4.     Enterprise Architecture and Services: Modeling/analysis of complex enterprise architectures; enterprise patterns (workflow, broker, warehousing); methods for service performance (lean, ontologies, data mining, etc.); emerging topics in semantic cyberinfrastructures, social computation. Click here for the syllabus.

5.     Software Applications Capstone: Students applied the tools and techniques learned in their CSE program in the context of an industry-sponsored enterprise-scale project.  Click here for the syllabus.


Several of the above classes are also taught (or will be taught as the program develops) in the Enterprise Architectures and Systems track in the new Masters of Global Engineering Leadership program (click here).


Finally, my work in education has extended beyond Computer Science, as exemplified by the papers below:


6.     “Online Map Games – playful interaction with complex real-world issues”, Ola Ahlqvist, Zhaoyi Chen, Peixuan Jiang, Rajiv Ramnath, Short paper. AGILE Conference on Geographic Information Science, Castellon, Spain, June 3, 2014. Link.


Here we present our work with games that are played on top of online geographic maps, using the real world as the game world. We show the innovative potential for technology-enabled, geographic-inquiry-based, learning through play, which through the Internet can reach a massive audience. The major part of the paper describes a web GIS architecture in which the game is implemented. Results from user testing, and its potential for use in cyber-learning research are presented.


7.     “Culturally Relevant Literature: What Matters Most to Primary-Age Urban Learners”, Gwen Cartledge, Susan Keesey, Jessica Bennett, Rajiv Ramnath, Morris Council, Reading & Writing Quarterly, pp. 1-28 | DOI: 10.1080/10573569.2014.955225, January 2015. Link.
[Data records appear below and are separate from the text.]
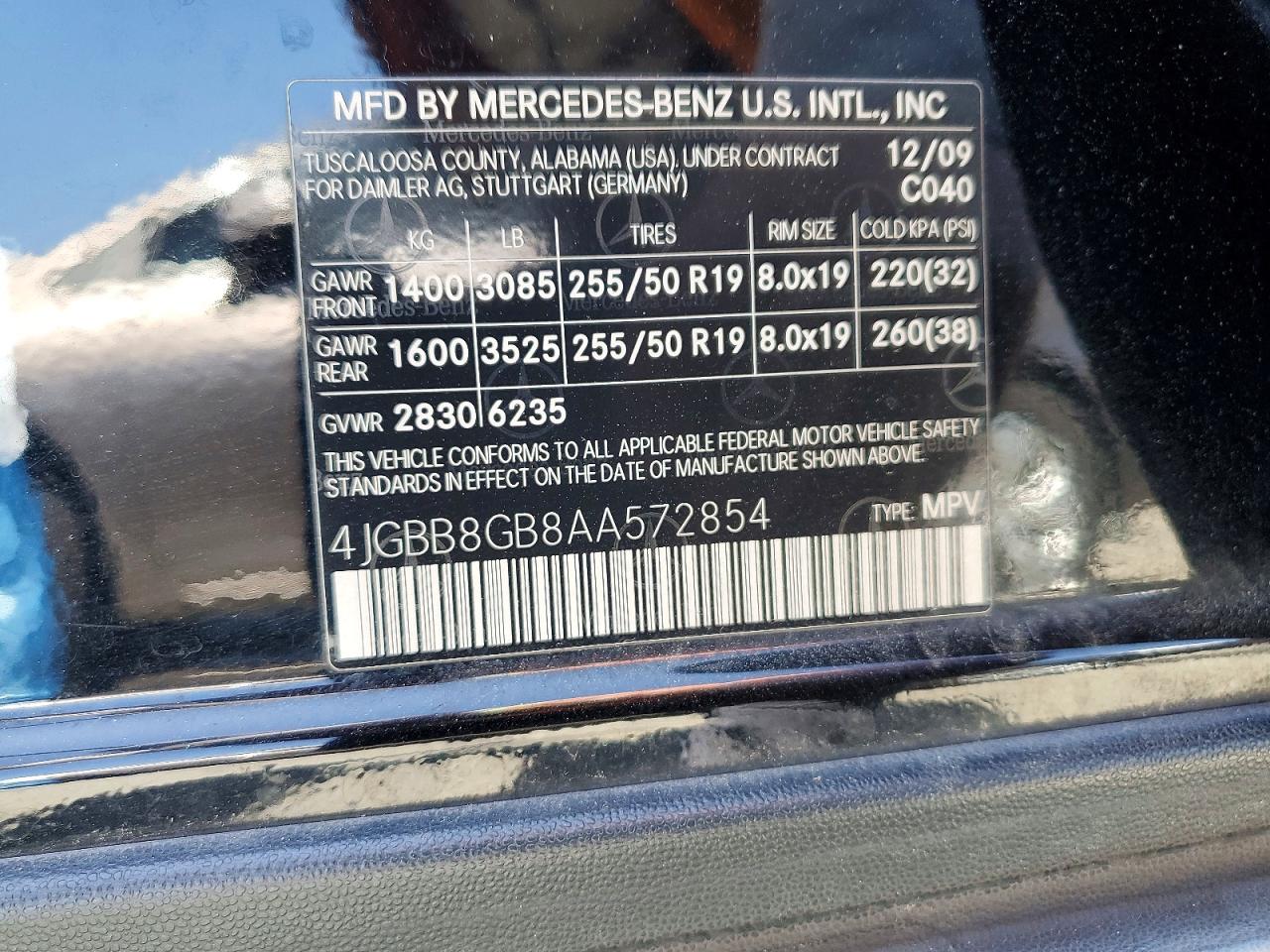 2010 Mercedes-Benz M-class VIN 4JGBB8GB8AA572854 photo 12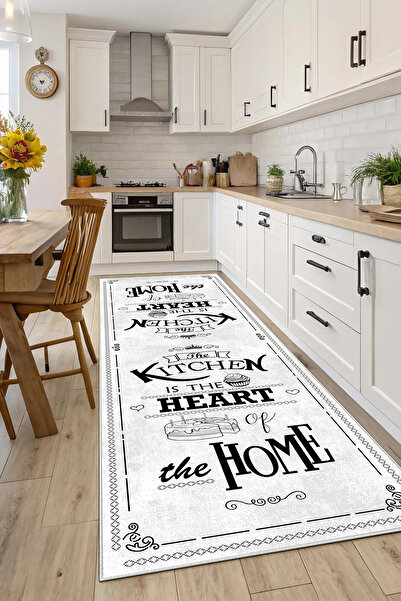 Evimle Makinede yıkanabilir kaymaz taban leke tutmaz mutfak halısı salon halı...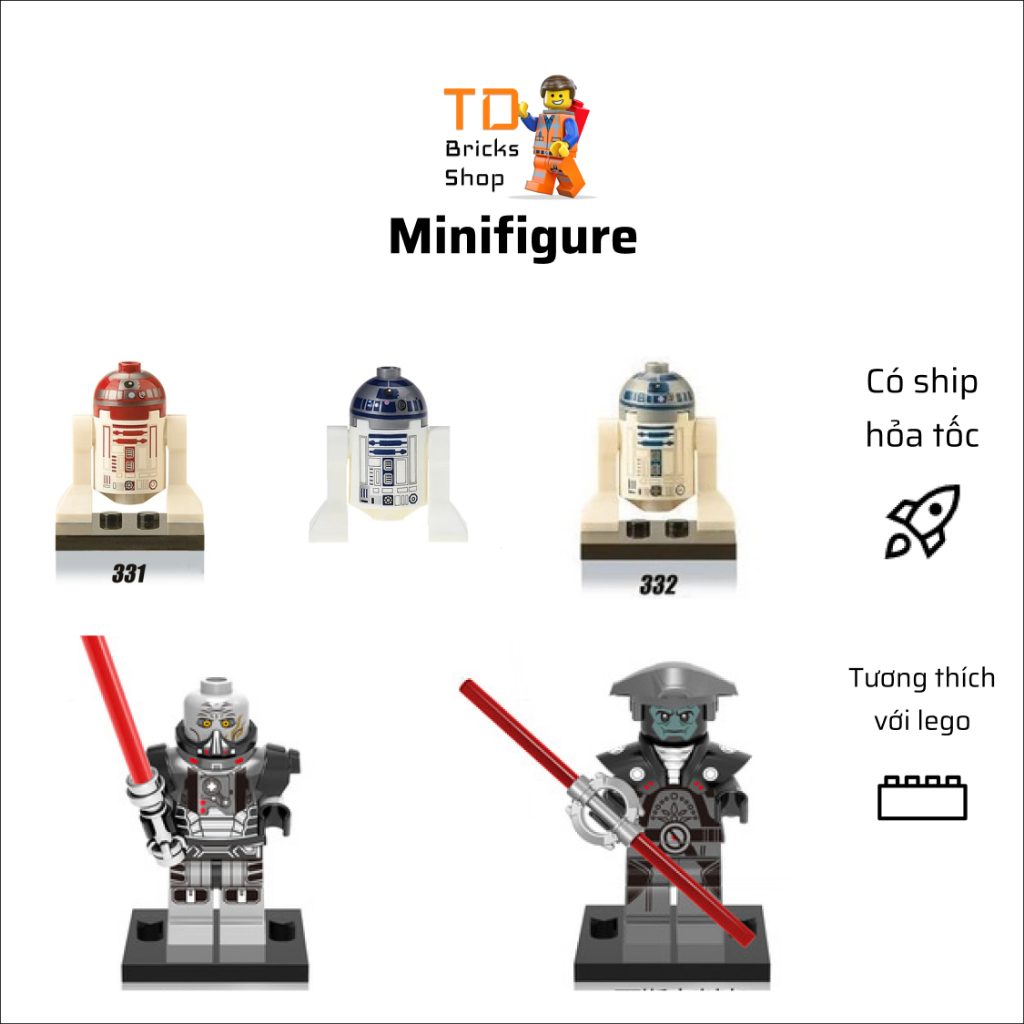 Minifigures, đồ chơi lắp ráp mô hình nhân vật trong phim Star war, hàng mới 100%, X0124, X0132, KF001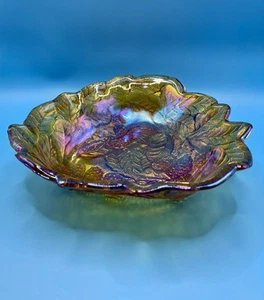 Vintage Indiana Carnival Glass Loganberry Leaf Amber Marigold Candy Dish Bowl - Picture 1 of 24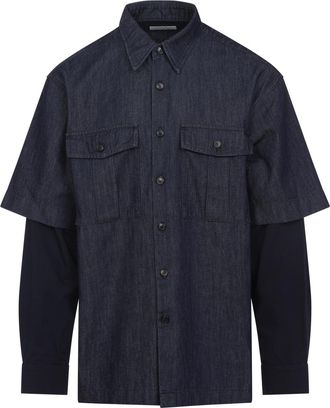 Dries Van Noten Mens Cassen Shirt - Dark Blue Cotton - Size Small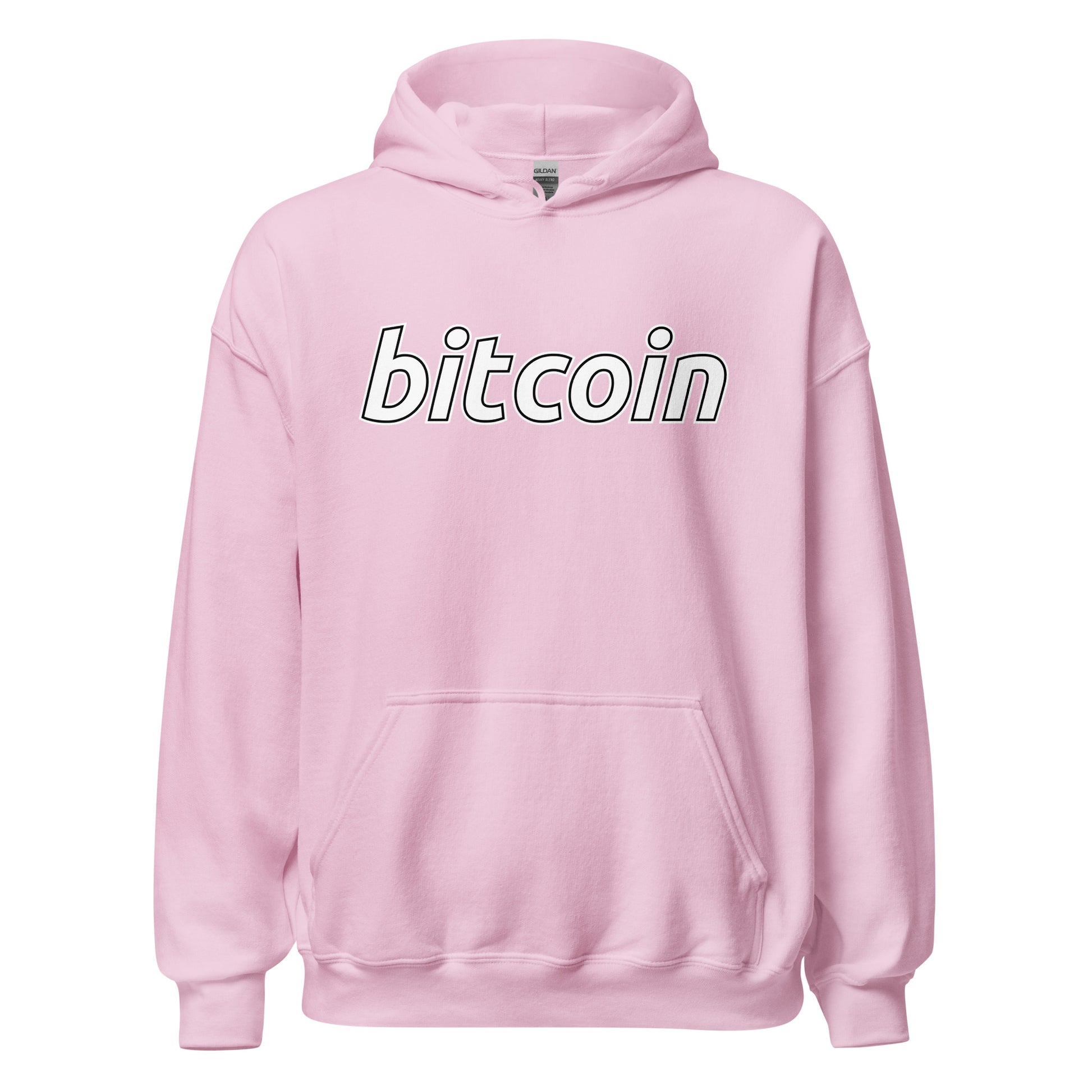 Vaaleanpunainen Meemirotta bitcoin huppari rennolla tyylillä ja isoilla painatuksilla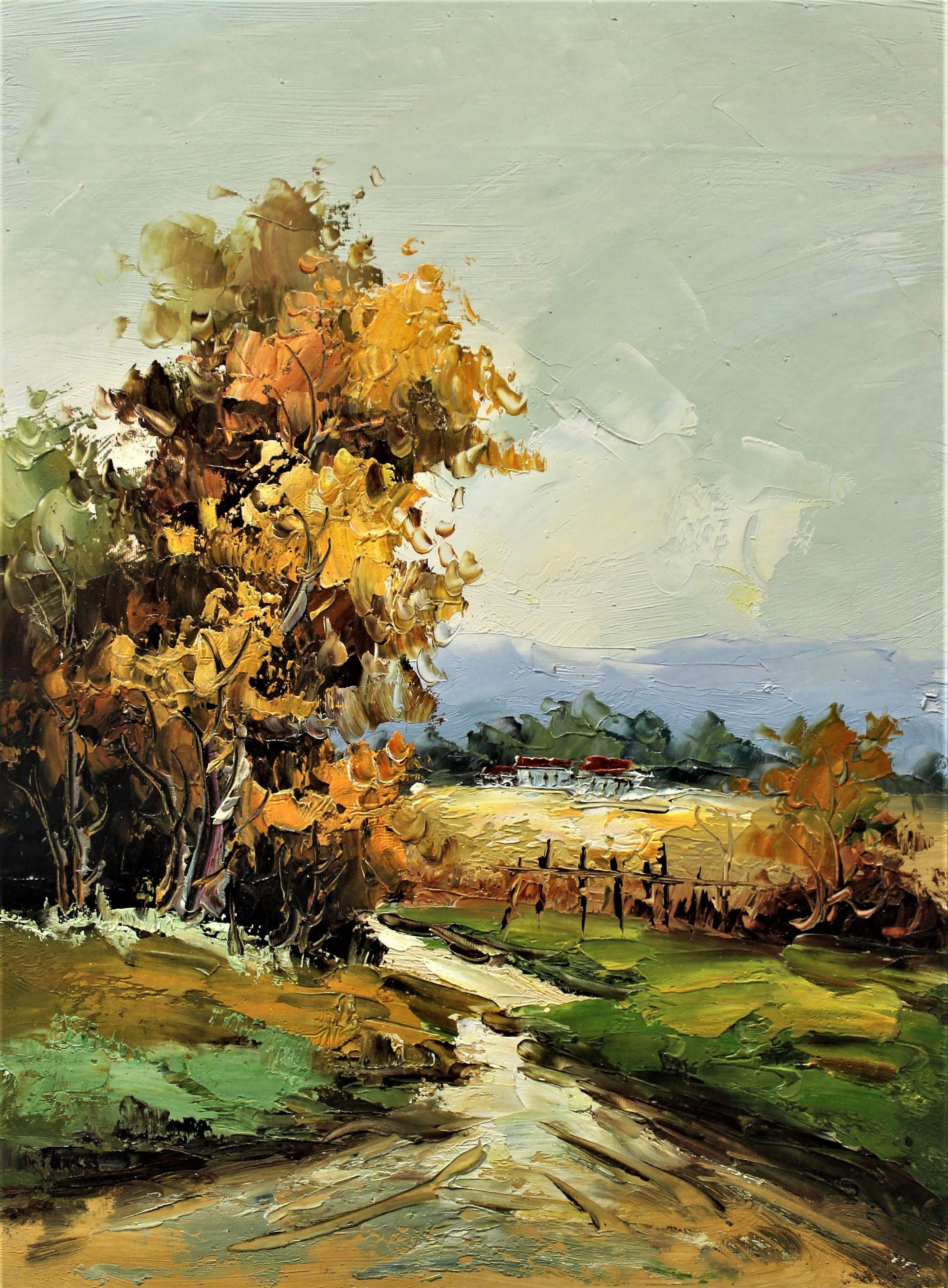 Route de campagne avec des arbres d'automne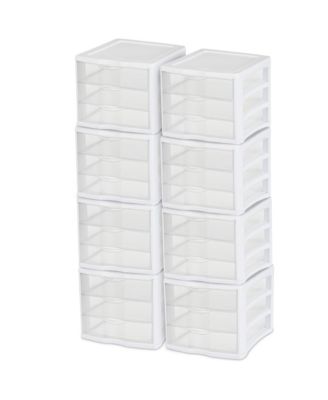 Sterilite ClearView Compact Stacking 3 Drawer Storage Organizer System, (8 Pack)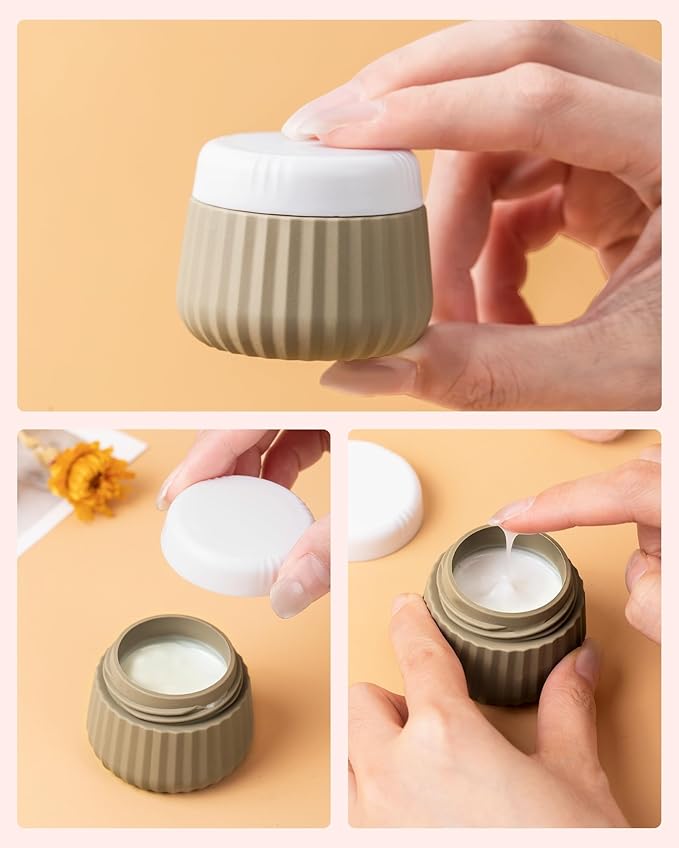 Travel Containers for Toiletries 4 Pack, TSA Approved Travel Size Toiletries, Travel Size Containers, With Clear Bag Leak Proof Silicone Jars, Travel Essentials Creams Jars Carrying Small Items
The ratings and rationales primary-age urban learners gave culturally relevant reading passages were the foci of this descriptive study. We discuss these findings in terms of their implications for literacy development.  A point to note is that the students are interacting with a computer-based tutor that uses speech recognition to interact with the students. The speech recognition aspects of this system are the basis for a student’s ongoing PhD research.